--- Problem statement ---
All lines from the one containing "Tapa de freidora de aire" through the last line of the listing should be given again exactly, with no pictures.

--------

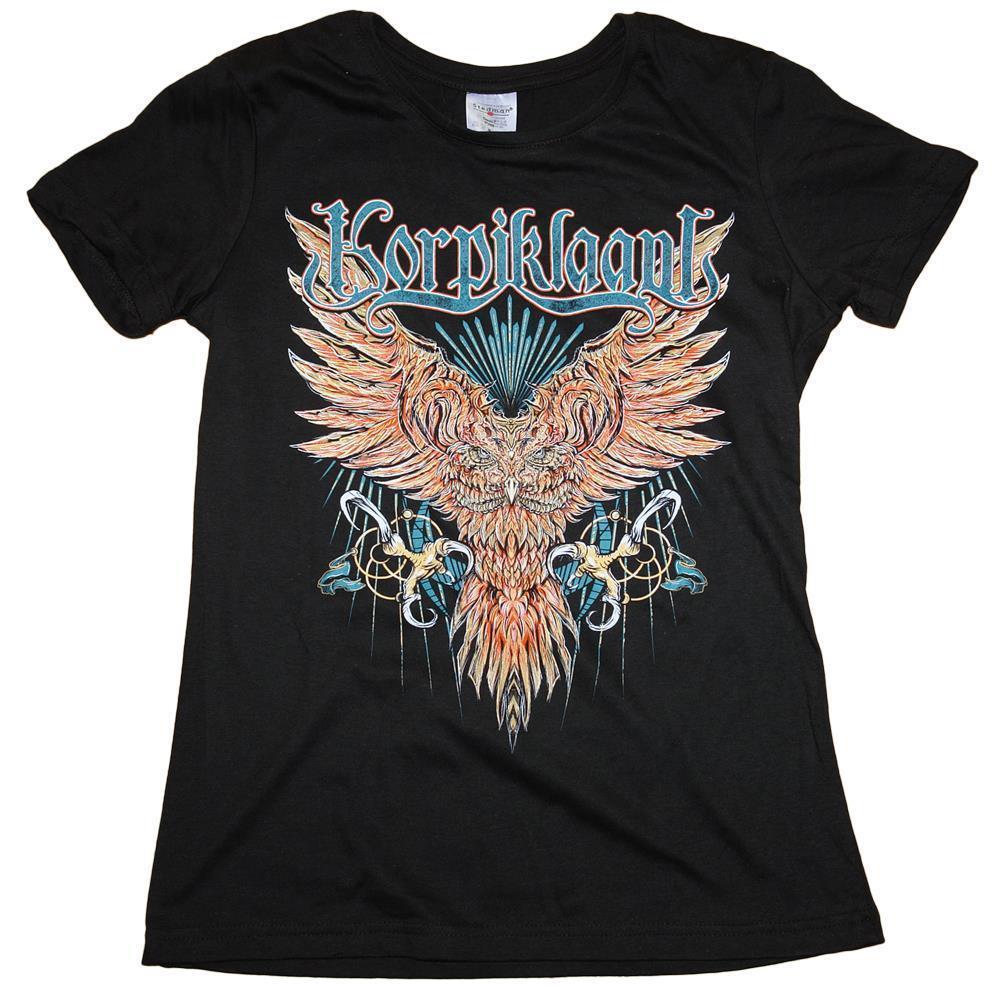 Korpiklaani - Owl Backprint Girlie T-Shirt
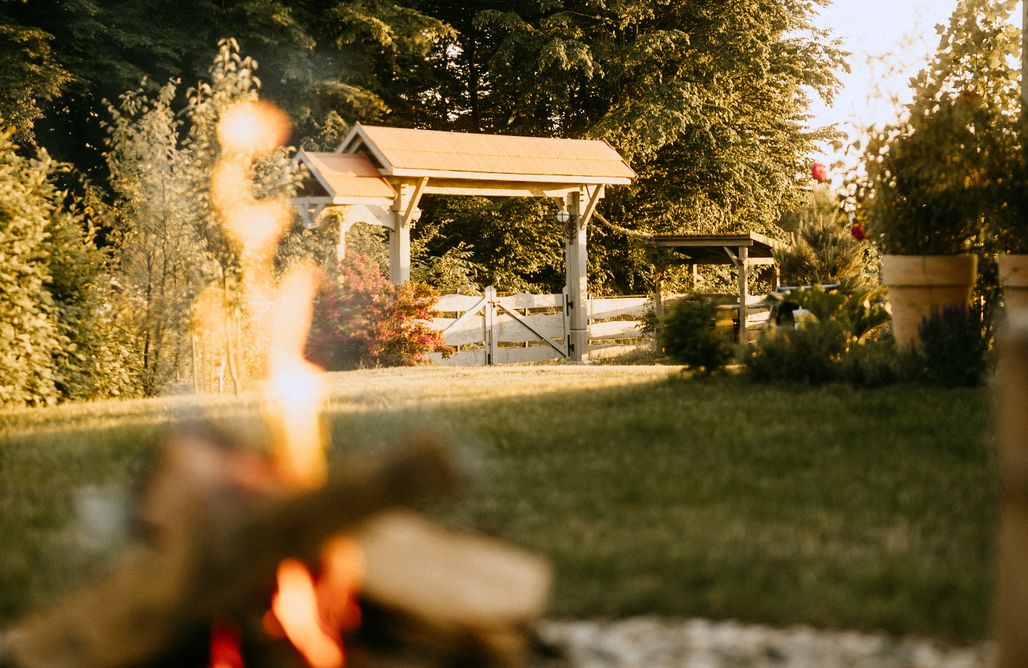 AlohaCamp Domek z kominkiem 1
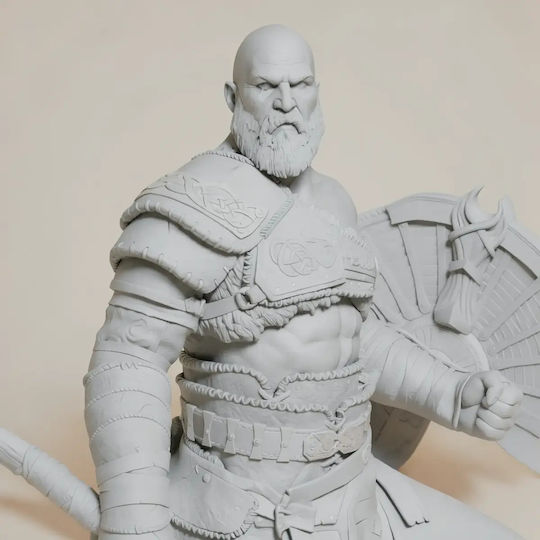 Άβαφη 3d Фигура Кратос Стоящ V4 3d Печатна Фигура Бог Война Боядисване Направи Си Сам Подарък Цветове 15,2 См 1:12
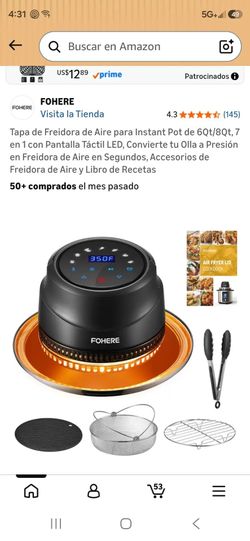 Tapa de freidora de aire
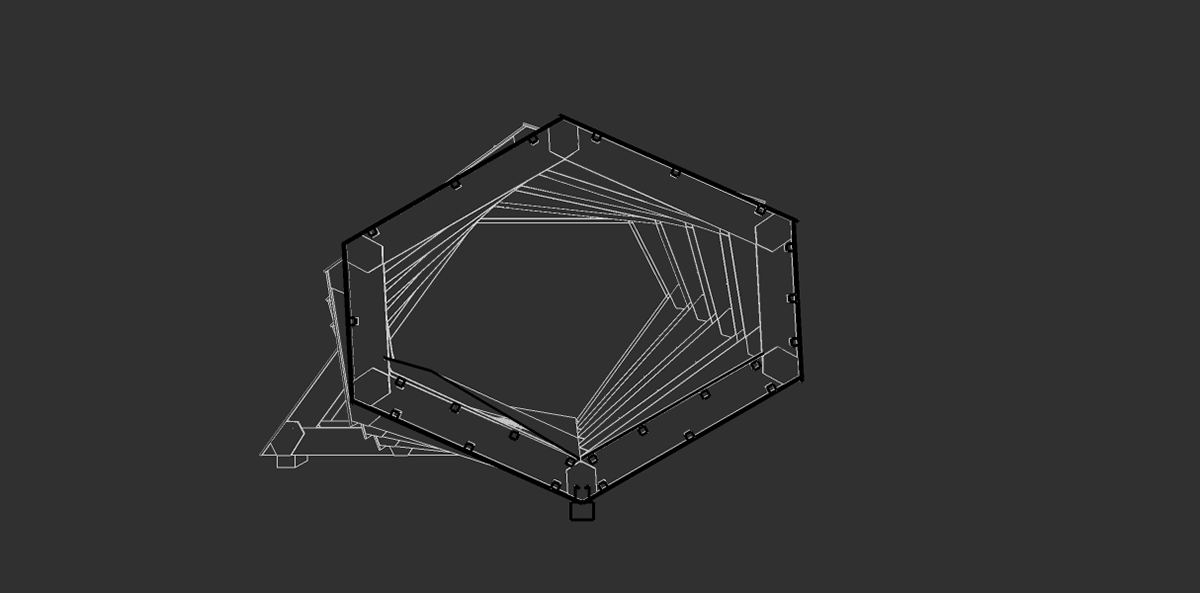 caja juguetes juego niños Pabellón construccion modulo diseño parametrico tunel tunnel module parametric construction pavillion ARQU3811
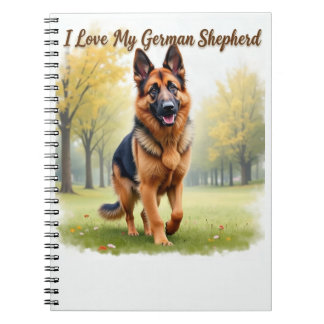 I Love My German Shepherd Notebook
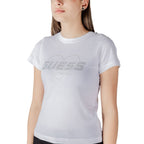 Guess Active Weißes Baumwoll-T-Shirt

--------

--- Answer below ---
 Tapa de freidora de aire
 caja juguetes juego niños Pabellón construccion modulo diseño parametrico tunel tunnel module parametric construction pavillion ARQU3811
 I Love My German Shepherd Notebook
 Guess Active Weißes Baumwoll-T-Shirt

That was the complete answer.